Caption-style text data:
********

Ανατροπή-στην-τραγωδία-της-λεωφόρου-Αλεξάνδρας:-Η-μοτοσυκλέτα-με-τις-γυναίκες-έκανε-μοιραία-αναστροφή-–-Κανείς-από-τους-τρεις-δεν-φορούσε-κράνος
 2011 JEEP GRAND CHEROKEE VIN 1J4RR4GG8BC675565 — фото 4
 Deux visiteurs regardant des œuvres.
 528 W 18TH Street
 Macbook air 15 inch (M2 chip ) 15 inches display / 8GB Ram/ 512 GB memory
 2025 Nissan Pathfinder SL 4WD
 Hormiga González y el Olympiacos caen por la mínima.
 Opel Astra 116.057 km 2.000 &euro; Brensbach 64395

********

What you are asked to do
Lines from the one containing "2025 Nissan Pathfinder SL 4WD" through the final line of the entries above are to be output exactly; omit all others.

Response to this exercise
 2025 Nissan Pathfinder SL 4WD
 Hormiga González y el Olympiacos caen por la mínima.
 Opel Astra 116.057 km 2.000 &euro; Brensbach 64395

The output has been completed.